High-performance photoelectrochemical cells with MoS2 nanoflakes/TiO2 photoanode on 3D porous carbon spun fabric

Abstract

A solar-driven photoelectrochemical (PEC) cell is emerging as one of the promising clean hydrogen generation systems. Engineering of semiconductor heterojunctions and surface morphologies of photoelectrodes in a PEC cell has been a primitive approach to boost its performance. This study presents that a molybdenum disulfide (MoS2) nanoflakes photoanode on 3-dimensional (3D) porous carbon spun fabric (CSF) as a substrate effectively enhances hydrogen generations due to sufficiently enlarged surface area. MoS2 is grown on CSFs utilizing a hydrothermal method. Among three different MoS2 coating morphologies depending on the amount of MoS2 precursor and hydrothermal growth time, film shape MoS2 on CSFs had the largest surface area, exhibiting the highest photocurrent density of 26.48 mA/cm2 and the highest applied bias photon-to-current efficiency (ABPE) efficiency of 5.32% at 0.43 VRHE. Furthermore, with a two-step growth method of sputtering and a subsequent hydrothermal coating, continuous TiO2/MoS2 heterojunctions on a porous CSF further promoted the photoelectrochemical performances due to their optimized bandgap alignments.
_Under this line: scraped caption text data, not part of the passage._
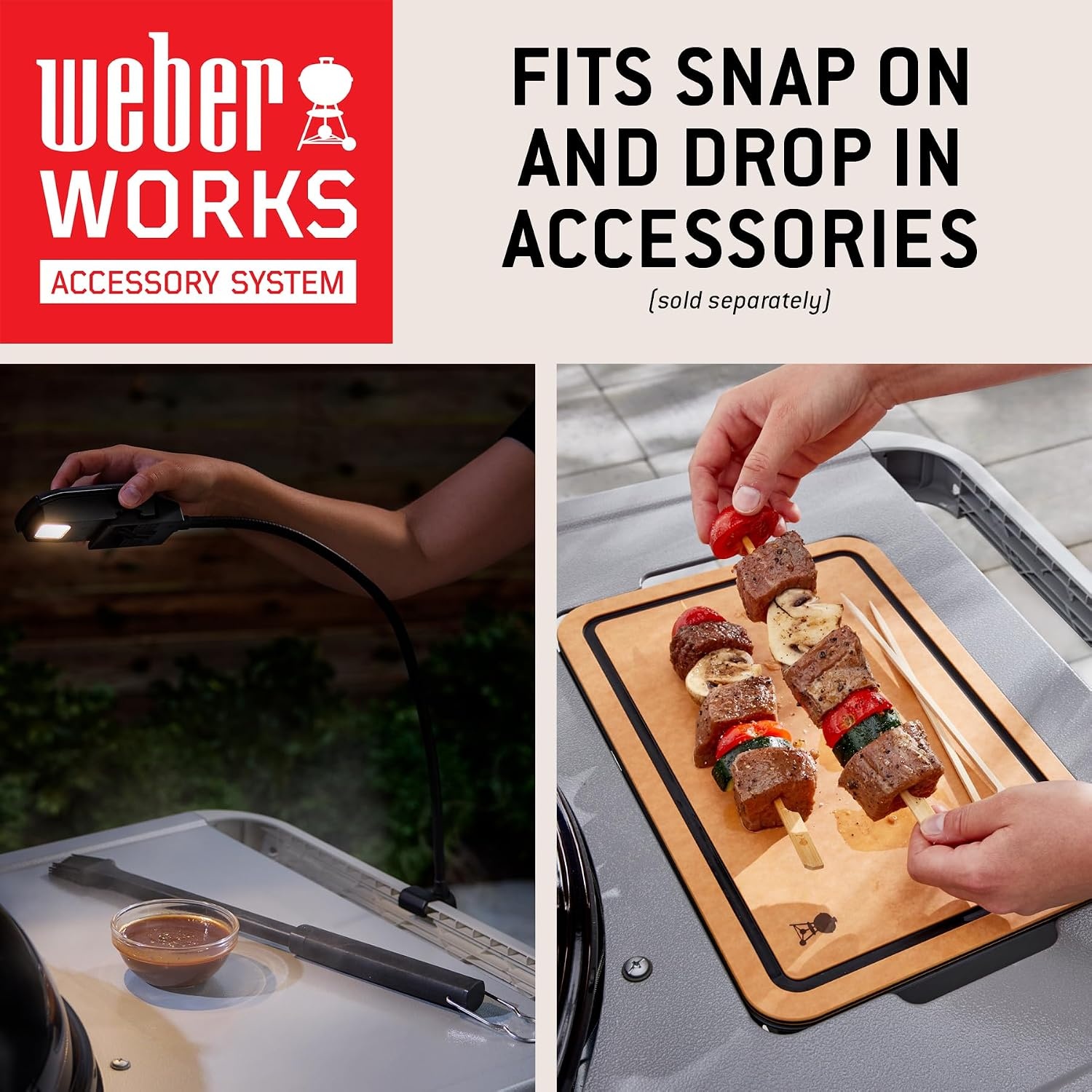 image:imageWeber Performer 22Inch Premium Smart Charcoal Grill for Outdoor Cooking Black PorcelainEnameled Finish WiFi Enabled with Prep Table Weber Works Side Table amp Side Rail KettleBlack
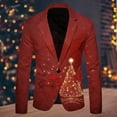 thumbnail image 2 of Adeawade Christmas Blazers Jacket For Men 2025 Long Sleeve Collared Neck Jacket Santa Claus Prints Mens Fashion Leisure Pocket Suit Coat Leisure Winter Clothes White 3Xl, 2 of 3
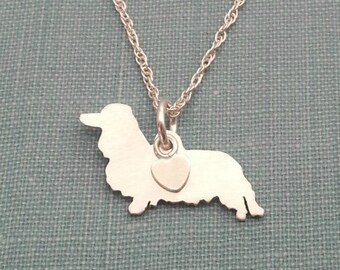 Longhair Dachshund dog sterling silver necklace  Doxie Personalize Pendant pet silhouette jewelry memorial gift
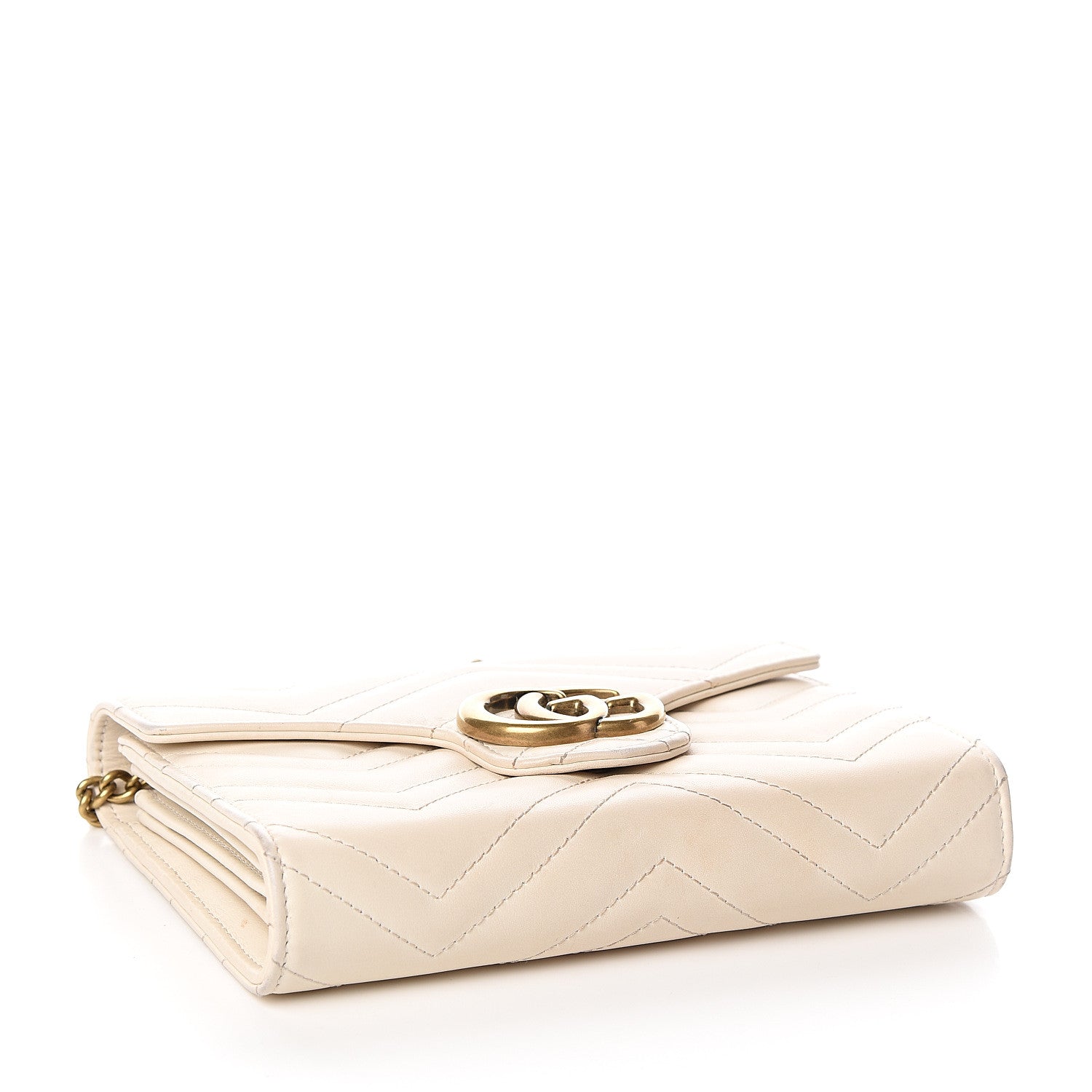 Gucci Calfskin Matelasse GG Marmont Chain Wallet Mystic White 3 of 12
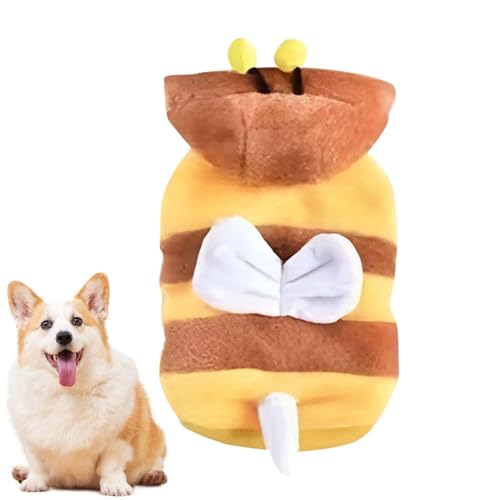 Demsyeq Bienenkostüm für Hunde, süßes Bienenkostüm mit Hüten, waschbares Cosplay-Kostüm, Winter-Katzen-Outfit, lustige Haustier-Hoodies, wiederverwendbar für alle Arten von Cosplay-Partys von Demsyeq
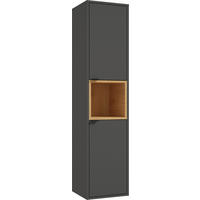 HOCHSCHRANK 35/150/33 cm  - Eichefarben/Anthrazit, MODERN, Holzwerkstoff/Metall (35/150/33cm) - MID.YOU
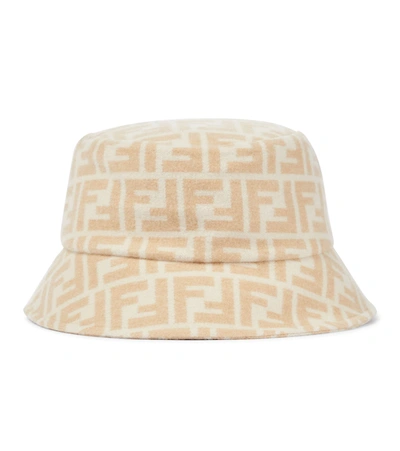Fendi Bucket Hat In Wool And Silk With All-over Ff Motif In Beige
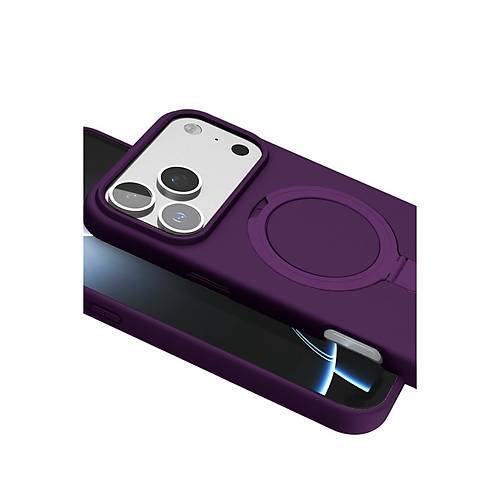iPhone 17 Pro Max Regal Magsafe Standl� Kapak - Derin Mor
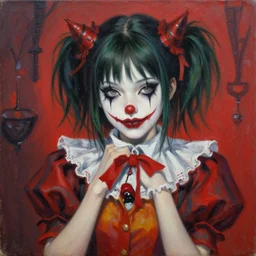 beautiful! aesthetically pleasing! portrait of an anime goth clowngirl, painted by ilya kuvshinov!!! and zdzislaw beksinski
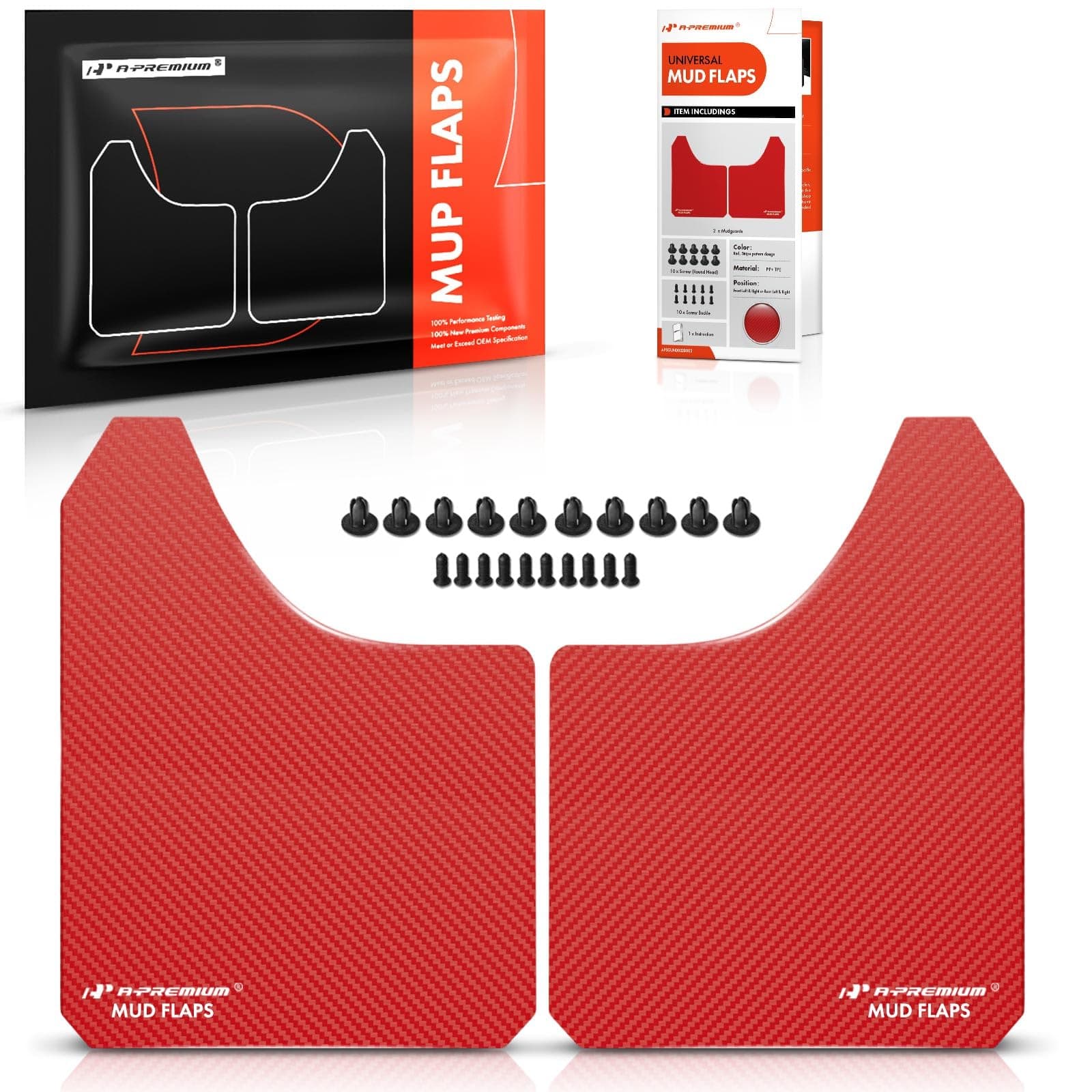 A-Premium Universal Mud Flaps, 2 Pack Red Splash Guards for Truck Car Pickup SUV, Upgraded Mud Guards Includes Mounting Hardware, Drilling Required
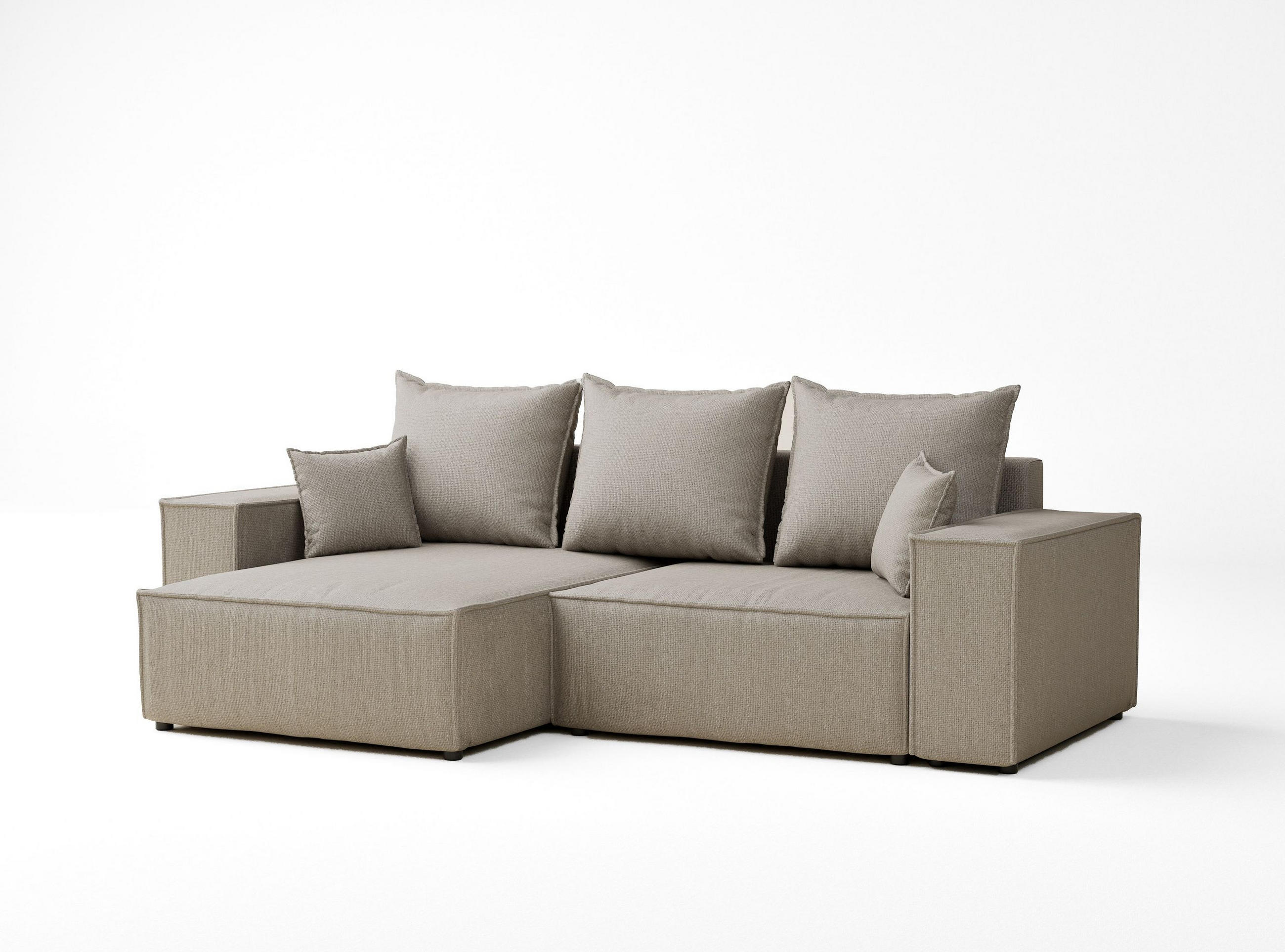 ECKSOFA MIT SCHLAFFUNKTION Moyo Beige Webstoff - Beige/Schwarz, Holz/Holzwerkstoff (255/148cm) - Maison de Reve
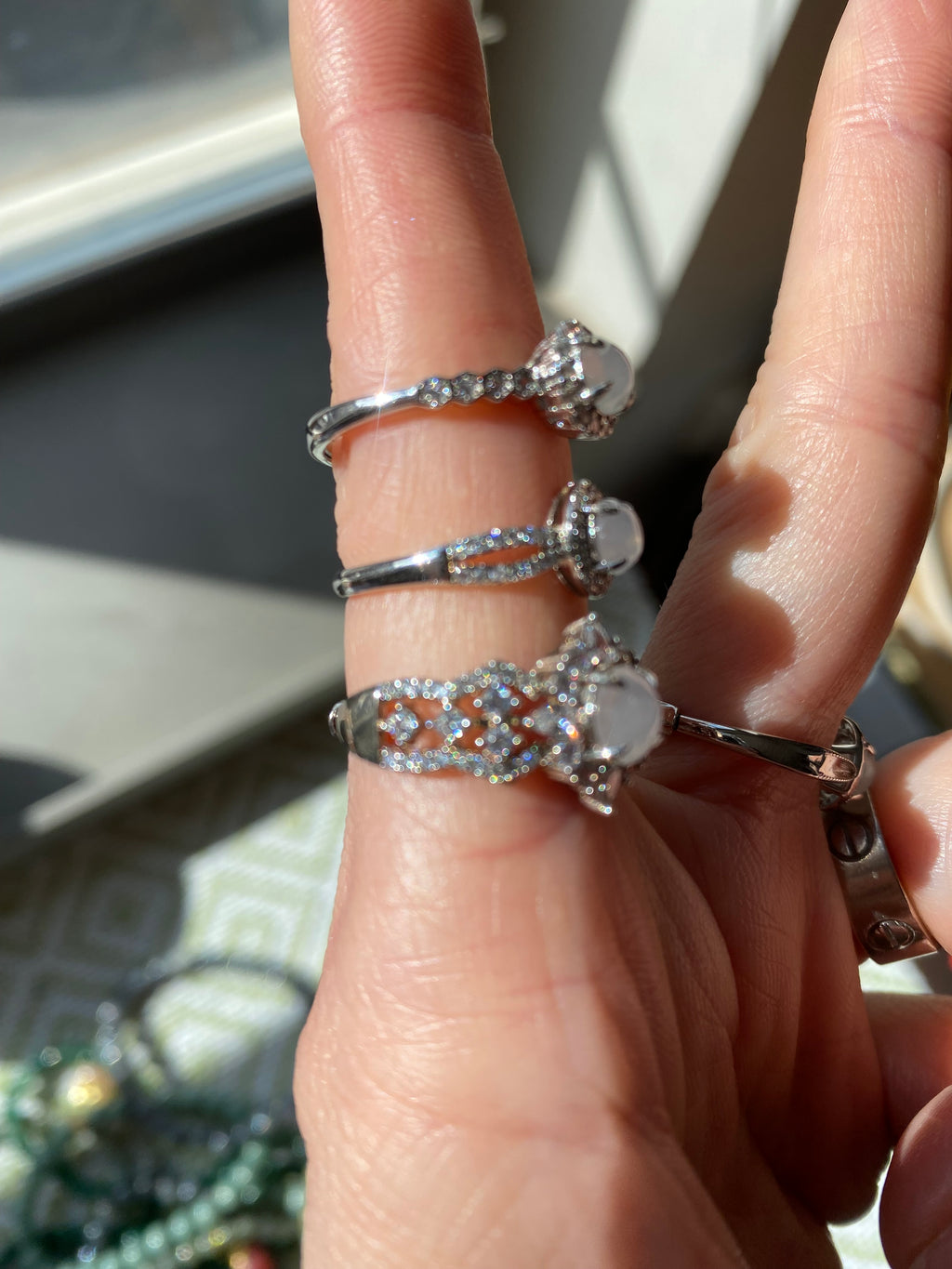 Silver ring in moonlight color FeiCui Jade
Enlarged surface area, enhanced charge transfer, and utilization of visible light enable a highly efficient MoS2/TiO2/CSF photoanode with a photocurrent density of 33.81 mA/cm2 and an ABPE of 6.97 % at 0.87 VRHE. The hydrogen generation amount of the PEC cell with MoS2/TiO2/CSF photoanode is 225.4 μmol/L after light irradiation of 60 s.